**Supplied material:**
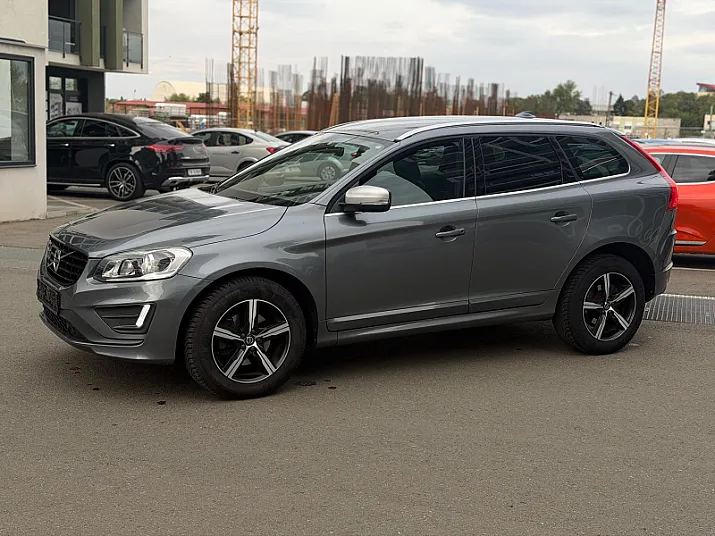 Cumpără / Vinde Volvo XC60 2017 SH, la cel mai bun pret pentru tine!
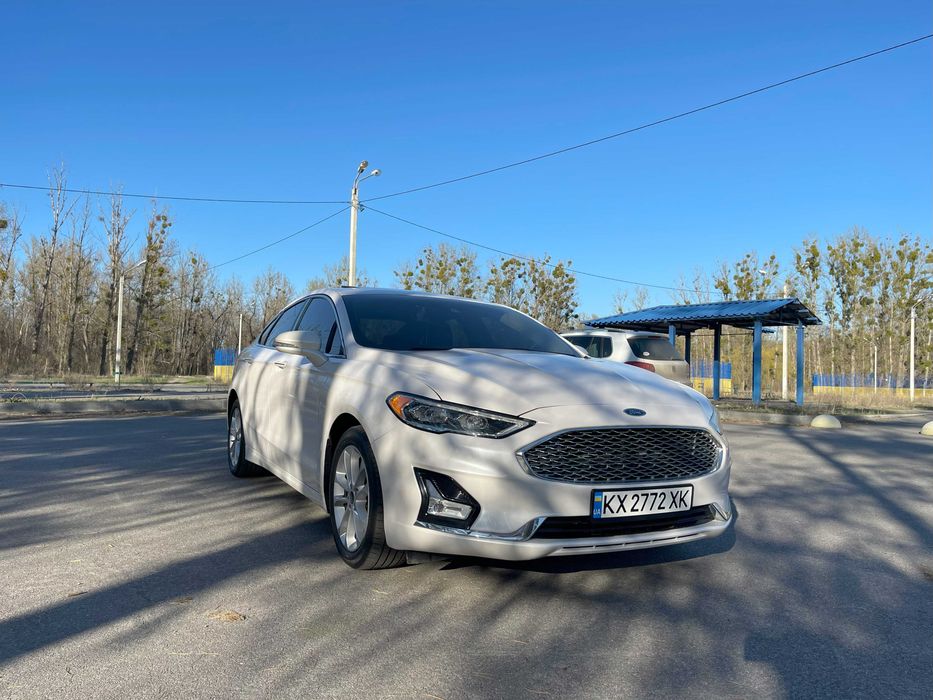 Ford Fusion 2.0 Hybrid CVT Titanium 2019 гібрид елктро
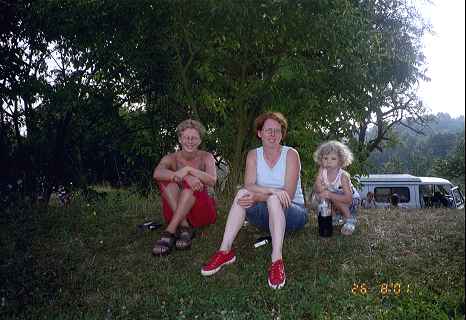 Manuela, Andrea und Lea beim Anfeuern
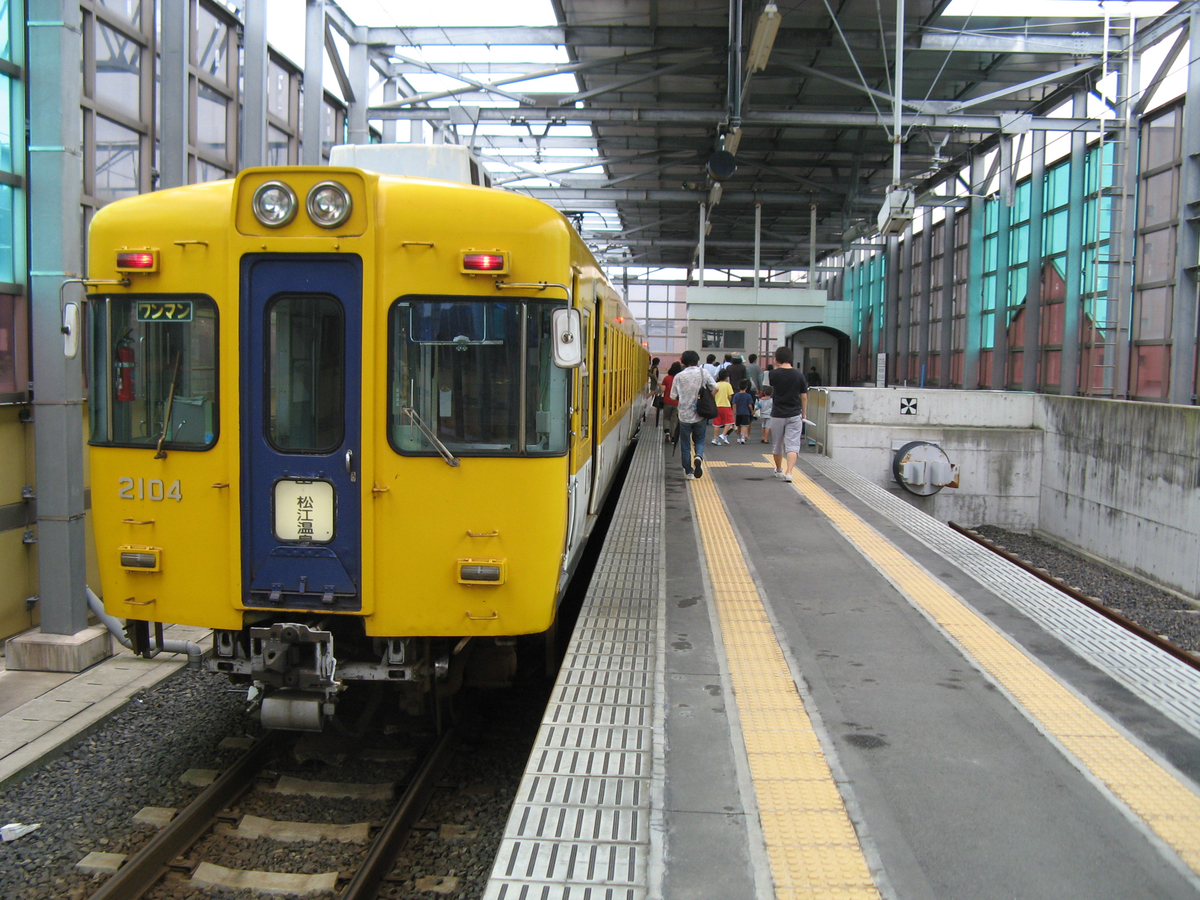 電鉄出雲市駅に到着した元京王車2104号(2007/9/1)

**Your assignment:**
From the line containing "Ford Fusion 2.0" down to the final line of the material, restate every line word for word, and only those; drop the pictures.

**Answer:**
 Ford Fusion 2.0 Hybrid CVT Titanium 2019 гібрид елктро
 Manuela, Andrea und Lea beim Anfeuern
 電鉄出雲市駅に到着した元京王車2104号(2007/9/1)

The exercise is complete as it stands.